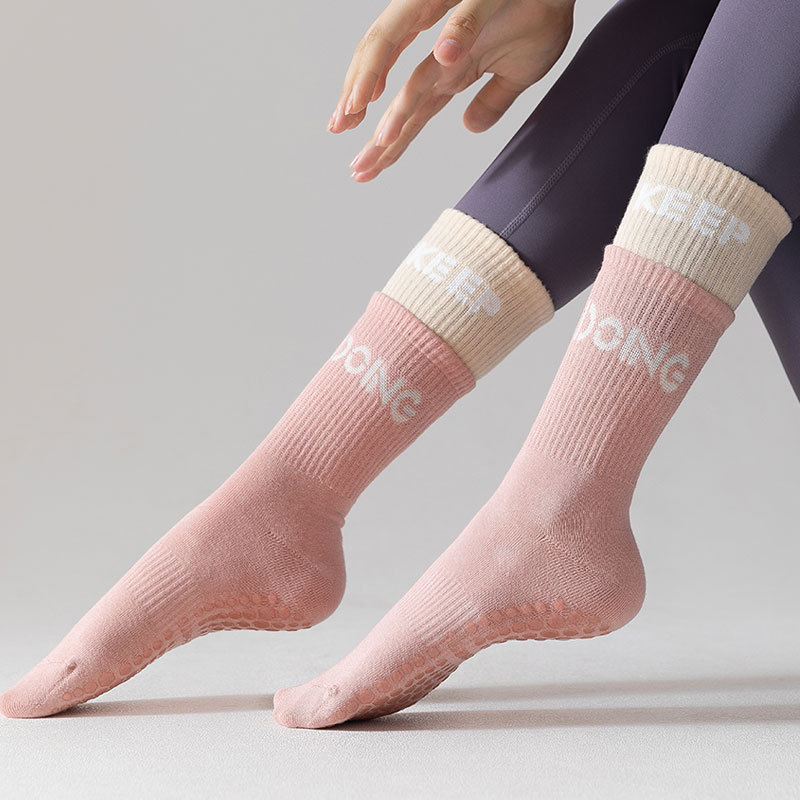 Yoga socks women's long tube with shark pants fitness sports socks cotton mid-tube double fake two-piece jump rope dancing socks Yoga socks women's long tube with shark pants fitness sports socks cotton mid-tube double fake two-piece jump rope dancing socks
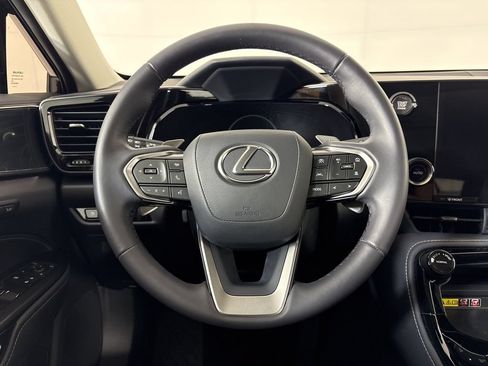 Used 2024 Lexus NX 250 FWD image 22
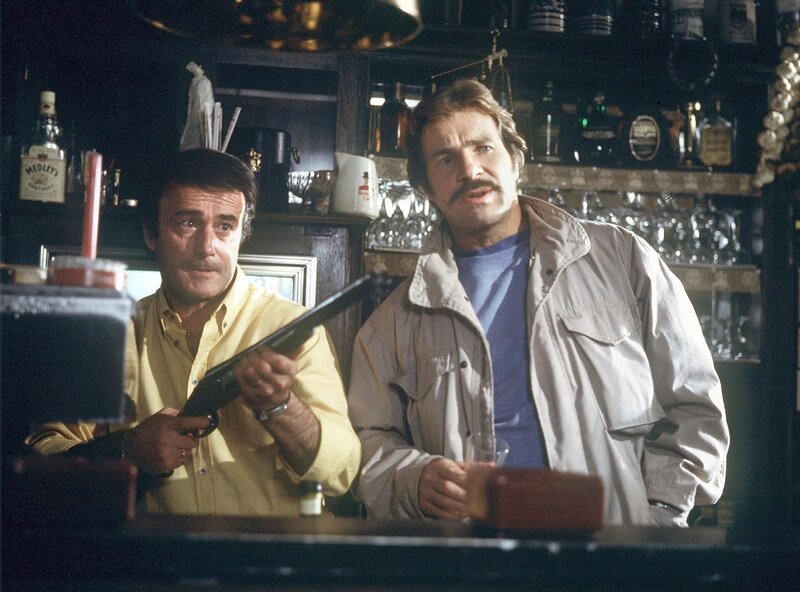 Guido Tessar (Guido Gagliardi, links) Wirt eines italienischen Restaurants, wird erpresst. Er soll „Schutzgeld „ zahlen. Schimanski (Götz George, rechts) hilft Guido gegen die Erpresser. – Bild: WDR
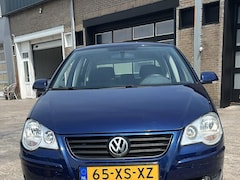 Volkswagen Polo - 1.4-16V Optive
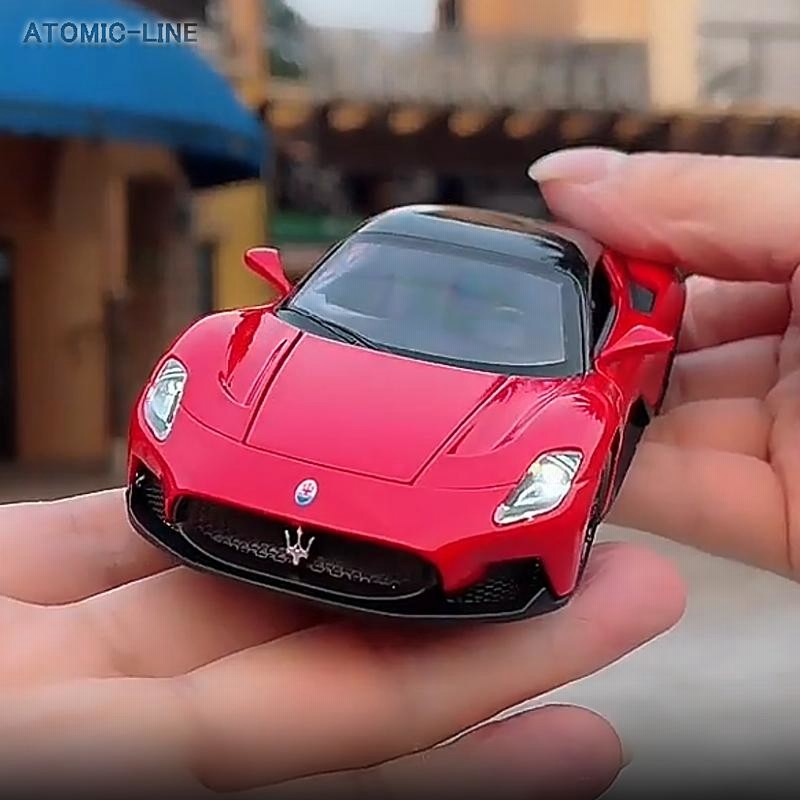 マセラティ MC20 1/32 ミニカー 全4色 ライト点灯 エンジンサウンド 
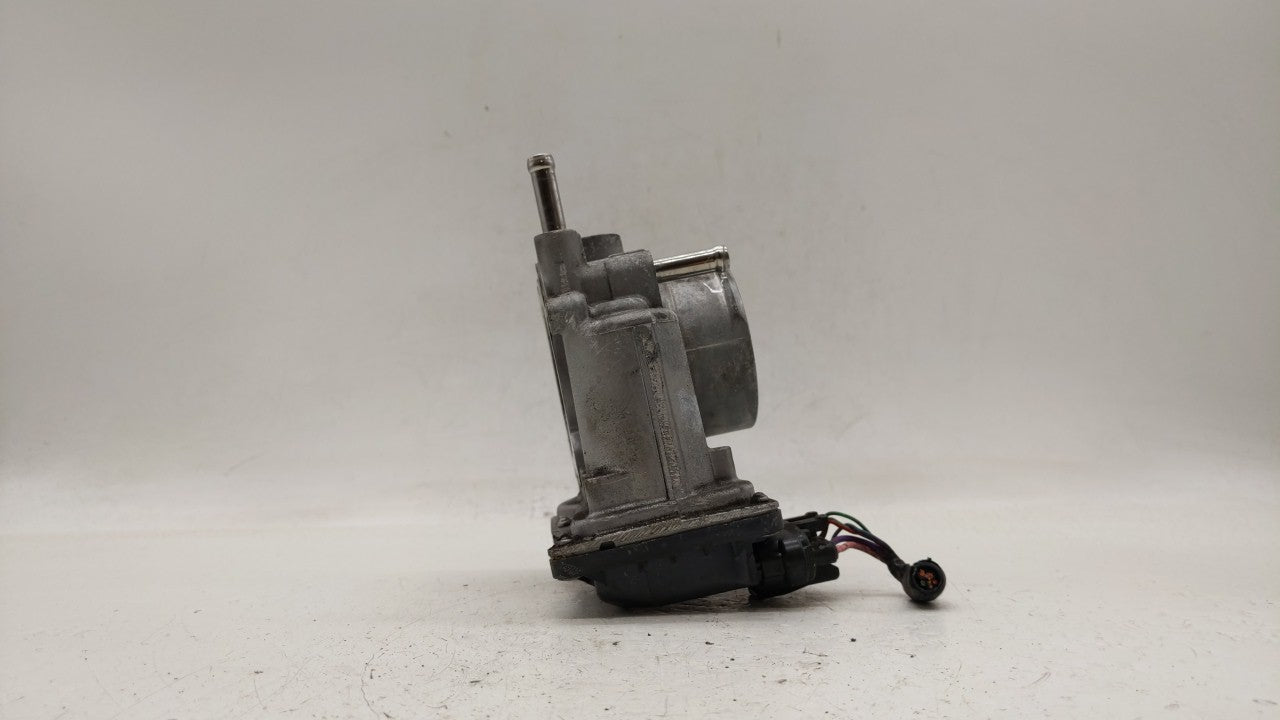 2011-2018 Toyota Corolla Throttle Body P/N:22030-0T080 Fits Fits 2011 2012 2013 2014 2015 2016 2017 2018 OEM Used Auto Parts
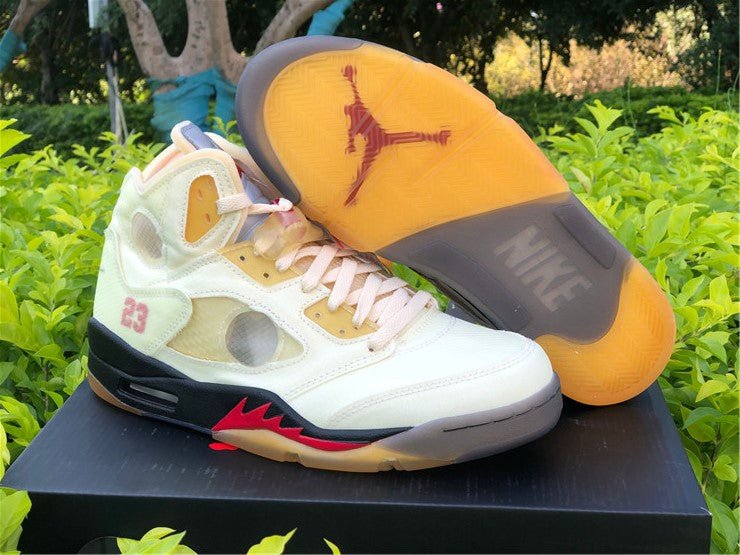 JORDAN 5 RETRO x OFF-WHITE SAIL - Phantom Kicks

────────────────

◆ Problem to work on ◆
Reproduce each entry above word for word. Pictures are not part of the copy.

◆ Response ◆
 Yoga socks women's long tube with shark pants fitness sports socks cotton mid-tube double fake two-piece jump rope dancing socks Yoga socks women's long tube with shark pants fitness sports socks cotton mid-tube double fake two-piece jump rope dancing socks
 Used 2024 Lexus NX 250 FWD image 22
 Guido Tessar (Guido Gagliardi, links) Wirt eines italienischen Restaurants, wird erpresst. Er soll „Schutzgeld „ zahlen. Schimanski (Götz George, rechts) hilft Guido gegen die Erpresser. – Bild: WDR
 Volkswagen Polo - 1.4-16V Optive
 マセラティ MC20 1/32 ミニカー 全4色 ライト点灯 エンジンサウンド 
 2011-2018 Toyota Corolla Throttle Body P/N:22030-0T080 Fits Fits 2011 2012 2013 2014 2015 2016 2017 2018 OEM Used Auto Parts
 JORDAN 5 RETRO x OFF-WHITE SAIL - Phantom Kicks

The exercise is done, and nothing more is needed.